Le groupe embarqué met aussi en œuvre plusieurs variantes du Z‑18 affectées au transport, à la lutte ASM (Z‑18F) et à la détection radar lointaine (Z‑18J). Dérivé nettement amélioré du Z‑8, une copie chinoise du Super Frelon français, le Z‑18 est un hélicoptère lourd qui profite pleinement des larges capacités d’accueil du Liaoning et qui pourrait conférer aux prochains Type‑075 des capacités de lutte ASM ponctuelles. Si le Z‑8 continue de remplir des missions ASM, ce sont les petits Z‑9C/D qui constituent l’hélicoptère embarqué de référence pour les frégates et destroyers chinois, aux côtés d’une quinzaine de Ka‑28 d’origine russe. Limité par sa faible capacité d’emport et son autonomie, le Z‑9 devrait être remplacé dans les années à venir par un nouvel hélicoptère ASM, éventuellement un dérivé du H175/AC352 ou, plus probablement, une variante du Z‑20, inspiré du S‑70 américain.

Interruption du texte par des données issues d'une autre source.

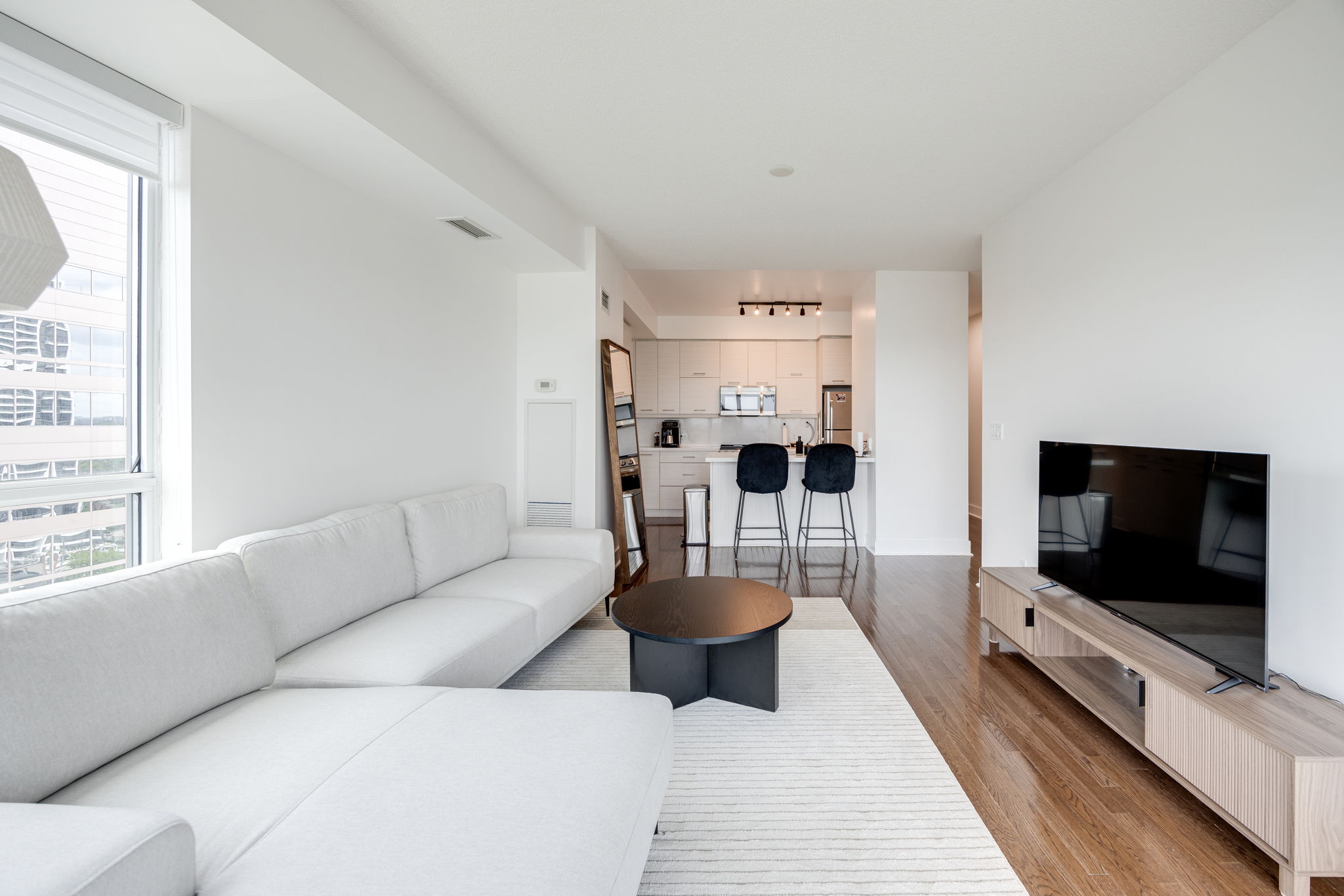 Toronto property showcase — delivered property photograph 10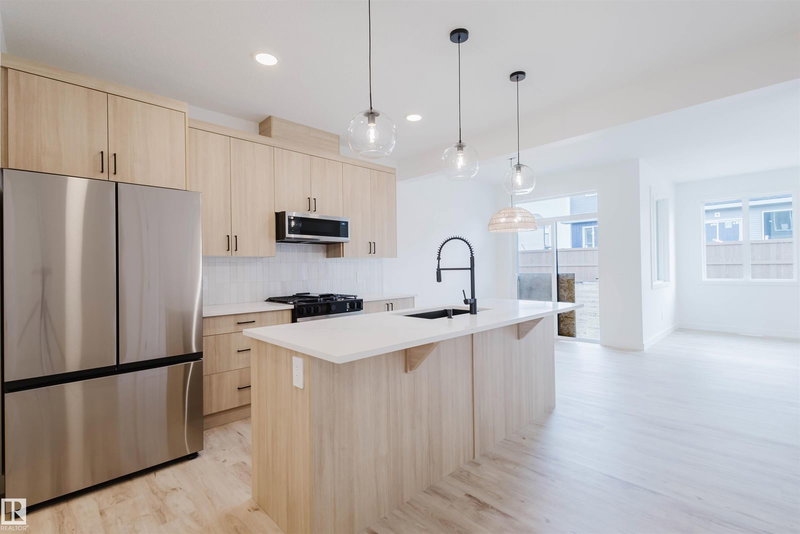 8253 Kiriak Loop, Edmonton, Alberta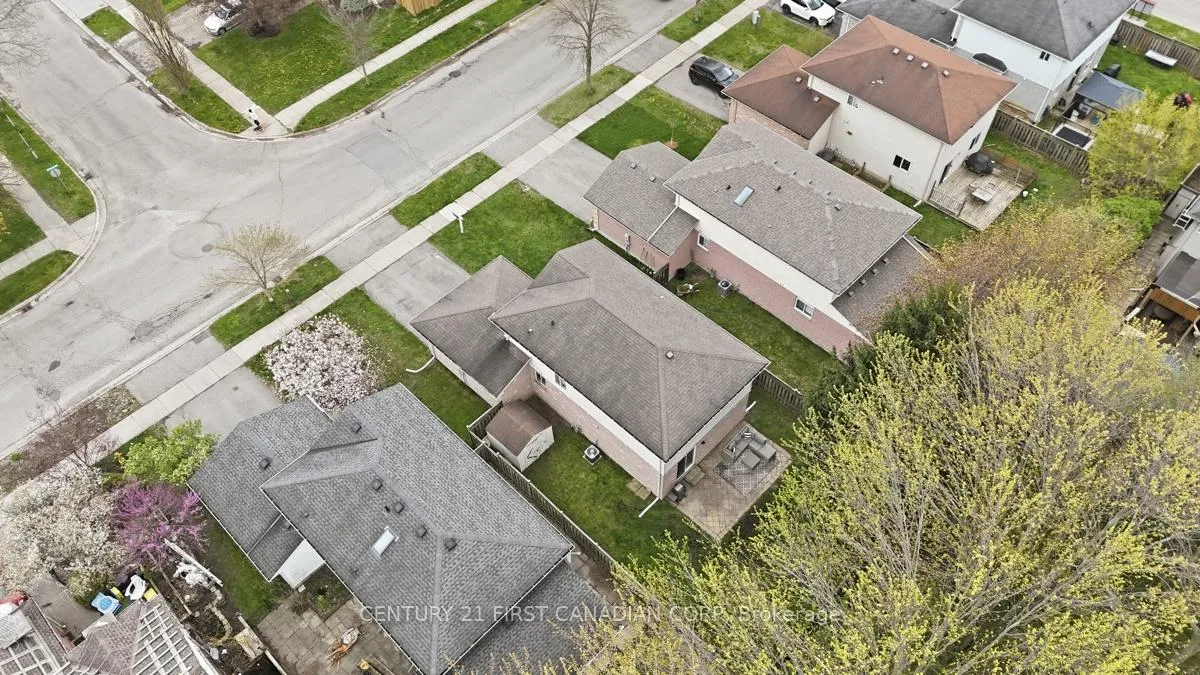 Photo 46 of 792 Guildwood Boulevard, London, North M — HOMEH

Vers une aéronavale océanique
Pour la République populaire de Chine, la mise en œuvre d’une flotte entière de porte-aéronefs est une priorité tant opérationnelle que politique, le porte-avions étant aussi un outil majeur de représentation au service d’une stratégie déclaratoire. Sur le plan opérationnel, une multiplication des « ponts plats » se justifie par l’ampleur des missions qui sont désormais dévolues à la flotte de surface chinoise. L’économie du pays dépend massivement des exportations, mais aussi de l’approvisionnement maritime en matières premières. Le contrôle maritime autorisé par un porte-avions est alors vu avant tout comme une police d’assurance pour la protection du territoire, des ressources et des marchés de la RPC. Au-delà des aspects purement défensifs, le porte-avions constitue aussi un outil offensif de premier ordre pour assurer la domination aérienne, la frappe dans la profondeur et le contrôle – même limité dans le temps et l’espace – d’un point clé de la première chaîne d’îles, notamment Taïwan.